Source material:

◇ ◇ ◇ ◇ ◇

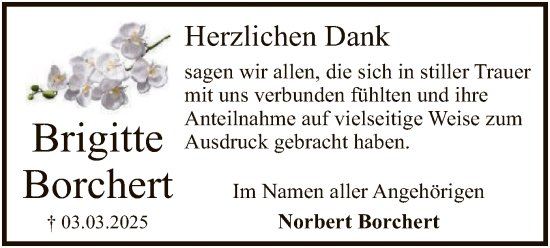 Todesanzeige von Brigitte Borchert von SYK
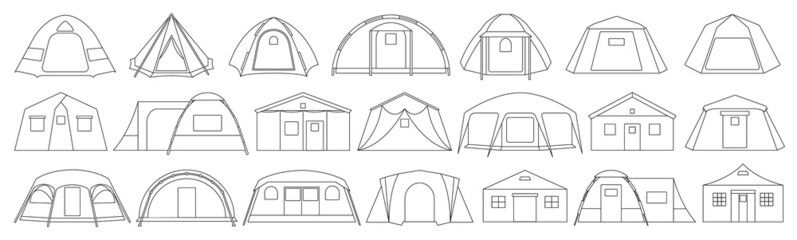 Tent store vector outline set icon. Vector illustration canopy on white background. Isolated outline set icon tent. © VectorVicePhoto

◇ ◇ ◇ ◇ ◇

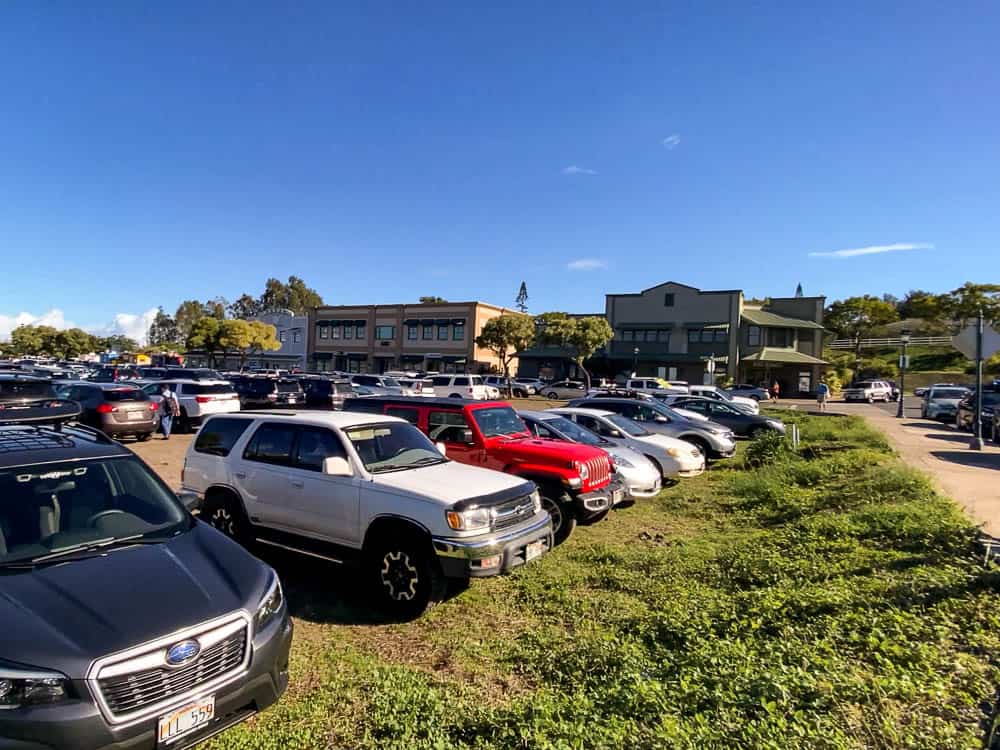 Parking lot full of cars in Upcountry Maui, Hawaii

◇ ◇ ◇ ◇ ◇

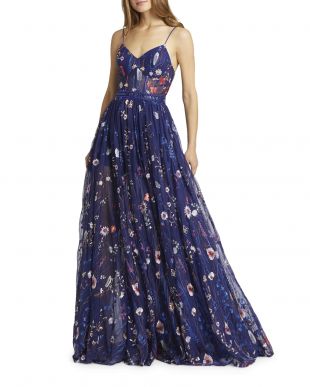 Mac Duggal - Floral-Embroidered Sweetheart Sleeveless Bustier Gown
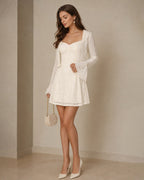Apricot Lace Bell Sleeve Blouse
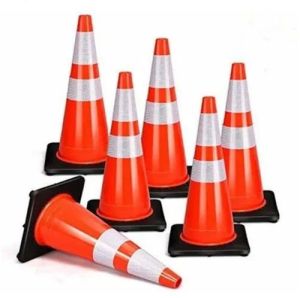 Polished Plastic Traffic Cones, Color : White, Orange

◇ ◇ ◇ ◇ ◇

Exercise:
In the material above, which lines fall between the one holding "Todesanzeige von Brigitte Borchert von SYK" and the one holding "Tent store vector", inclusive? Print exactly those, with the pictures left out.

Output below:
 Todesanzeige von Brigitte Borchert von SYK
 Tent store vector outline set icon. Vector illustration canopy on white background. Isolated outline set icon tent. © VectorVicePhoto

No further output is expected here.